Clarity - Justification: This is a nice self-contained paper with all the proofs included. Both the general motivation and the technical parts are presented very clearly.
Significance - Justification: This is a nice general framework that allows recovering exactly some earlier results as special cases, and also gives some totally new results in an interesting and non-trivial problem.
Detailed comments. (Explain the basis for your ratings while providing constructive feedback.): Some typos: line 329, left column: what is w'? line 399, right: what are w and u? line 475, left: "=" should be \leq line 548, right: F_t should be F line 621, right: v should be V line 719, right: I assume "=" should be \leq, and you are also here using that tau\leq c_phi
=====
Review #3
=====
Summary of the paper (Summarize the main claims/contributions of the paper.): The paper introduces the “Twisted Mirror Descent” (TMD) algorithm for performing online learning with changing environments (e.g. Tracking and Shifting). The twisted mirror descent algorithm is essentially just mirror descent with a second update (w_t=\phi_t(v_t, l_1, .., l_{t-1}) were v_t comes from the normal mirror descent update. The paper shows how to choose \phi_t in order to get meaningful bounds. The paper then shows that a couple of existing shifting problems can be solved with the TMD algorithm and finally uses TMD to give a novel result to the problem of shifting positive semi-definite matrices.

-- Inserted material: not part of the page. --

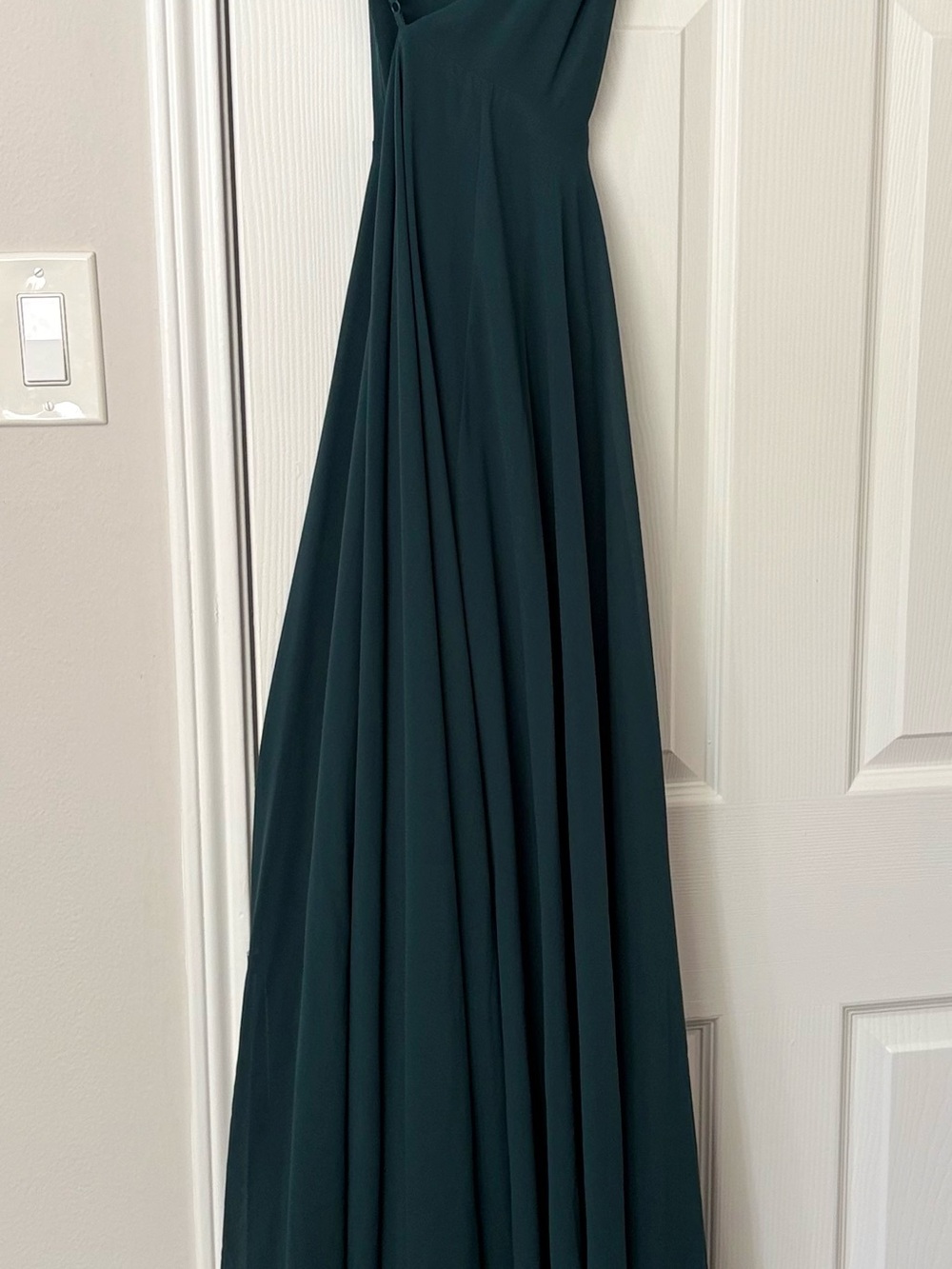 Lulu's Mythical Kind of Love Deep Green Backless Halter Maxi Dress Size Small - Picture 7 of 7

Clarity - Justification: Some letters, like D, are overloaded. L_T(u^s_q) is undefined although it could only mean one thing. There is a typo in the definition of \hat{L}_{q:s} - it should be \sum_{t=q}^sl_t(w_t). There is a paragraph between Theorem 7 and its proof which is unclear. I am confused by this paper’s definition of “strongly adaptive regret” - the true definition of strongly adaptive regret is the regret suffered on an interval with respect to a single predictor - not a changing sequence of predictors. Since this paper is doing regret with respect to a changing sequence of predictors I don’t see how adding the notion of “strongly adaptive regret” adds anything. Also, in the preliminaries section it says “comparing the loss of the forecaster to the loss of an arbitrary predictor sequence”: This can easily be misunderstood to mean “the minimum loss out of all predictor sequences” which, as you note above, is not possible.

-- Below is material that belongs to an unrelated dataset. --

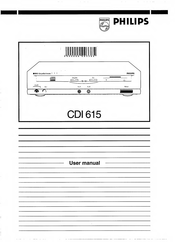 Philips CDI615 User Manual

Significance - Justification: It is difficult to see the significance of TMD in its most general form as for all the examples the function \phi is only a function of v_t and not of the losses. The fact that TMD unifies some existing algorithms, and the novel application to positive semi-definite matrices is pretty significant. The main significance of this paper is that it gives a general theorem that spits out a bound given bounds of various quantities involving R and \phi.
Detailed comments. (Explain the basis for your ratings while providing constructive feedback.): The claims are well-supported by theoretical analysis. I think that this is a decent paper although I have some issues with it that are given above.
=====